The first thing about Journal Tryouts that should turn anyone off are that they are a Pyramid Scheme of misery. First you spend a god awful miserable weekend doing the tryout in which you don’t go out, spend hours staring at the bluebook, and generally hate life. Finally you think you’ve put together a good package and will be judged based on the legal reasoning and logic of the written part. WRONG. Being on a Journal is not about original legal thought. Its about proofreading. They only care how well you can decide whether a period goes inside a parenthesis or whether your pin cite was in the proper format.

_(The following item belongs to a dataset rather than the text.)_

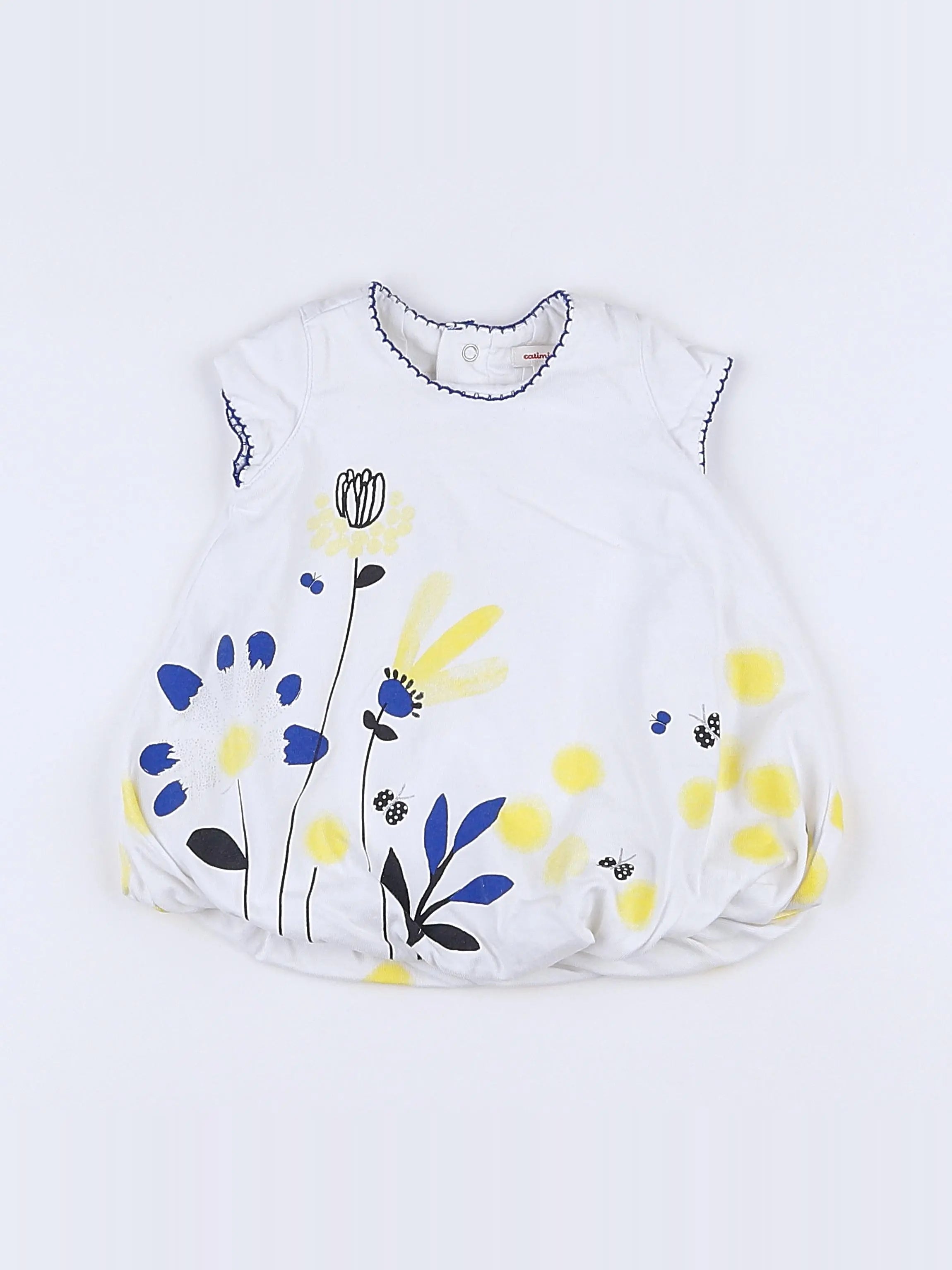 Catimini - robe blanc, bleu, jaune - 3 mois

Once you get on the journal you just get more mindless crap work. The only people who do any “substantive” work are the people on the managing board. The work you will be doing this spring (o yeah, you get at least once cite check this spring, in the weeks leading up to exams, you will realize the importance of this later when we explain how grades are the only determinant of what jobs you get) and next year is called cite checking. This is basically blue booking an article on some boring obscure legal topic and then checking to make sure that what the author cited actually pertains to what they wrote. We have heard stories of lazy authors just citing an entire book for a single fact and the hapless law student cite checker having to read through the entire book just to make sure that yes, James Monroe once made a speech pertaining to the Constitutional validity of the Post Office.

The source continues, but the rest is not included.